··· Available data ···

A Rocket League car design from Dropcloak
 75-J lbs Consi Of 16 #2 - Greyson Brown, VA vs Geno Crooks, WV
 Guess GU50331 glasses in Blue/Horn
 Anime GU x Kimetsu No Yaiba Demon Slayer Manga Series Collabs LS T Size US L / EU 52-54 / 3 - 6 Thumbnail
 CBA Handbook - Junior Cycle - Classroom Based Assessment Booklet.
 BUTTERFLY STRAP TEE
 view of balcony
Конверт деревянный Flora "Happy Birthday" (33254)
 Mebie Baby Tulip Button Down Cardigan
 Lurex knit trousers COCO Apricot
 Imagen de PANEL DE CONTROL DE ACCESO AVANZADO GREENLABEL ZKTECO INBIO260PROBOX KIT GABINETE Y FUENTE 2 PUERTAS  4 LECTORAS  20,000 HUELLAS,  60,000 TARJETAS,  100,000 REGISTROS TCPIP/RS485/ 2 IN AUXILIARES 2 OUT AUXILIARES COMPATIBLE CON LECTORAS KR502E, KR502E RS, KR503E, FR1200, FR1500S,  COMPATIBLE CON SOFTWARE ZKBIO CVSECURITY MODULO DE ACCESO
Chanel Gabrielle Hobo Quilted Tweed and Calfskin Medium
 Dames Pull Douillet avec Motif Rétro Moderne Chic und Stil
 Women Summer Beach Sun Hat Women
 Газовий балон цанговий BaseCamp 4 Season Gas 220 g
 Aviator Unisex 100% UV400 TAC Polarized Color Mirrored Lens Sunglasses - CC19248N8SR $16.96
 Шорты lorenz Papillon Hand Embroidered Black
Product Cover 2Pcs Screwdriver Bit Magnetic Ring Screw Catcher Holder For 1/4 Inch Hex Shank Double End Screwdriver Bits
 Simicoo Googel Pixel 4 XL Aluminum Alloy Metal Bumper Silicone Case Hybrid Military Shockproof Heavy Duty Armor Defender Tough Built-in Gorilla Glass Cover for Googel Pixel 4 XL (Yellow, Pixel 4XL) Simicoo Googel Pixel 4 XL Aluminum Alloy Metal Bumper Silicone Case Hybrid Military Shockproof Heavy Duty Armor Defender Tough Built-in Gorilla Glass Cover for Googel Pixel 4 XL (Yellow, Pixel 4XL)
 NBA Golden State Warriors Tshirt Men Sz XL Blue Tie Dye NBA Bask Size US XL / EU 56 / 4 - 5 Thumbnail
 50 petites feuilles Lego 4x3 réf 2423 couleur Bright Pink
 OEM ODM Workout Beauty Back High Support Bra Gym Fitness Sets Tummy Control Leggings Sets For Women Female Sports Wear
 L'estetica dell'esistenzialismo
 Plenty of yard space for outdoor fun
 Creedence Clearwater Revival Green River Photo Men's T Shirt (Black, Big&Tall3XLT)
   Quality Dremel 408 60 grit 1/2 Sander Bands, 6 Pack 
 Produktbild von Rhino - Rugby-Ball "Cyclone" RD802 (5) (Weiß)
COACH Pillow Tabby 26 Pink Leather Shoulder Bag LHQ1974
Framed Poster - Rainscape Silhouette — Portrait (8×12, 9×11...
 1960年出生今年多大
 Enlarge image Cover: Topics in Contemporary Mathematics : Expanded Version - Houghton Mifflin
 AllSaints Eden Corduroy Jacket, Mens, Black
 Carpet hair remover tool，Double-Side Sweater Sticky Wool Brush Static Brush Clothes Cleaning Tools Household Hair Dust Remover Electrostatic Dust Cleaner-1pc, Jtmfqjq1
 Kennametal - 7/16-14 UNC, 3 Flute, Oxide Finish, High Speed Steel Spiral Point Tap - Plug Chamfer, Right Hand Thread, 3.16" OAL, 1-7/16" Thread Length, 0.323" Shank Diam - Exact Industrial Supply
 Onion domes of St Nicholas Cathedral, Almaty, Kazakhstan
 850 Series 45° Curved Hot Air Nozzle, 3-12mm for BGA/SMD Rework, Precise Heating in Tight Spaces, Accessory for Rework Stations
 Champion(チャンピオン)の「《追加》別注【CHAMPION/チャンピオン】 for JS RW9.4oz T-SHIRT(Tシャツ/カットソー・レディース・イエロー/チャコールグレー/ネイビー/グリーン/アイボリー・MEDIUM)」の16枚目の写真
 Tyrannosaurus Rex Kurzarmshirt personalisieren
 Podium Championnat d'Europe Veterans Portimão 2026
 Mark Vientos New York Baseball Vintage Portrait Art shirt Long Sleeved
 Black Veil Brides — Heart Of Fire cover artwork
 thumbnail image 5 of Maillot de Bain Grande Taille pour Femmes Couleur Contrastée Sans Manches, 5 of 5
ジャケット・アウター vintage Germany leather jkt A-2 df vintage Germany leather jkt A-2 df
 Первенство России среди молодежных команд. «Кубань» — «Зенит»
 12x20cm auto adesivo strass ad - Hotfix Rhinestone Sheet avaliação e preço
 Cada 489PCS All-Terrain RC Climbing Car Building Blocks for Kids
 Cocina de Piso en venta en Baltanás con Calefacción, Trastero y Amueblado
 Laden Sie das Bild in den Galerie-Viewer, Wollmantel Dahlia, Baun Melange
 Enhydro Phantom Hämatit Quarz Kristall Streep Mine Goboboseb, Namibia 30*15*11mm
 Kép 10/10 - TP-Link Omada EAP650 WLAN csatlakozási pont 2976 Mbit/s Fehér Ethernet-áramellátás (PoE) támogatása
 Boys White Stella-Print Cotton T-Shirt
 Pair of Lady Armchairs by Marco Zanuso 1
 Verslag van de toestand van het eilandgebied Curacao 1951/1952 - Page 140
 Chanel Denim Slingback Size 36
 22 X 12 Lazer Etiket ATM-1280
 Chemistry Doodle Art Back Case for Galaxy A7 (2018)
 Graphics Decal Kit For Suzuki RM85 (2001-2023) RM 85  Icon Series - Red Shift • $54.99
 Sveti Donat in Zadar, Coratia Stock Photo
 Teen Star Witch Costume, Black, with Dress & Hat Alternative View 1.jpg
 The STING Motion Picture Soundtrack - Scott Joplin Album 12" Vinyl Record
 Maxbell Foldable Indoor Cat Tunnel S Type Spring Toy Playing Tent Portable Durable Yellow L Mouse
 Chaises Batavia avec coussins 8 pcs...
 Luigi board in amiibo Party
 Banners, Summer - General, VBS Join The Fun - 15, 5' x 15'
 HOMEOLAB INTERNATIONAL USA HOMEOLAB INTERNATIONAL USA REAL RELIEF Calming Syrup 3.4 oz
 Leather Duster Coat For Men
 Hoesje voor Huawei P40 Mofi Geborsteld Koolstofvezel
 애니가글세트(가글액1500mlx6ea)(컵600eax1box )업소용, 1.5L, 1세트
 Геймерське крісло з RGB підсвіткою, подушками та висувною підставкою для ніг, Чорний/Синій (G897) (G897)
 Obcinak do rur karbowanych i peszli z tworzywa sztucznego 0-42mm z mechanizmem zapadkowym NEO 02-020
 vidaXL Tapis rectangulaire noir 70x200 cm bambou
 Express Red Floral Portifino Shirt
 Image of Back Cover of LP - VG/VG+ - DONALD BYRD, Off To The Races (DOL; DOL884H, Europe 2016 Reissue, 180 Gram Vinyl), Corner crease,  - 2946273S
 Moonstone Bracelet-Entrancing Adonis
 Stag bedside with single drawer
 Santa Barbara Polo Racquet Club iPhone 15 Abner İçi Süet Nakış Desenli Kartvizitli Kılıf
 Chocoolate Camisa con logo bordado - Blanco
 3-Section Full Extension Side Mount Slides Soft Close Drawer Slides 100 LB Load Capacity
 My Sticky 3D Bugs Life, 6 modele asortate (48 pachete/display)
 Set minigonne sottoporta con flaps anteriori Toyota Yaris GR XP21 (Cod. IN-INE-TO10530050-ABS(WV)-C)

···

Exercise objective —
Could you set down, exactly as written, the lines above between the one holding "Podium Championnat d'Europe" and the one holding "Chanel Denim Slingback Size 36", inclusive, and nothing more?

Response below —
 Podium Championnat d'Europe Veterans Portimão 2026
 Mark Vientos New York Baseball Vintage Portrait Art shirt Long Sleeved
 Black Veil Brides — Heart Of Fire cover artwork
 thumbnail image 5 of Maillot de Bain Grande Taille pour Femmes Couleur Contrastée Sans Manches, 5 of 5
ジャケット・アウター vintage Germany leather jkt A-2 df vintage Germany leather jkt A-2 df
 Первенство России среди молодежных команд. «Кубань» — «Зенит»
 12x20cm auto adesivo strass ad - Hotfix Rhinestone Sheet avaliação e preço
 Cada 489PCS All-Terrain RC Climbing Car Building Blocks for Kids
 Cocina de Piso en venta en Baltanás con Calefacción, Trastero y Amueblado
 Laden Sie das Bild in den Galerie-Viewer, Wollmantel Dahlia, Baun Melange
 Enhydro Phantom Hämatit Quarz Kristall Streep Mine Goboboseb, Namibia 30*15*11mm
 Kép 10/10 - TP-Link Omada EAP650 WLAN csatlakozási pont 2976 Mbit/s Fehér Ethernet-áramellátás (PoE) támogatása
 Boys White Stella-Print Cotton T-Shirt
 Pair of Lady Armchairs by Marco Zanuso 1
 Verslag van de toestand van het eilandgebied Curacao 1951/1952 - Page 140
 Chanel Denim Slingback Size 36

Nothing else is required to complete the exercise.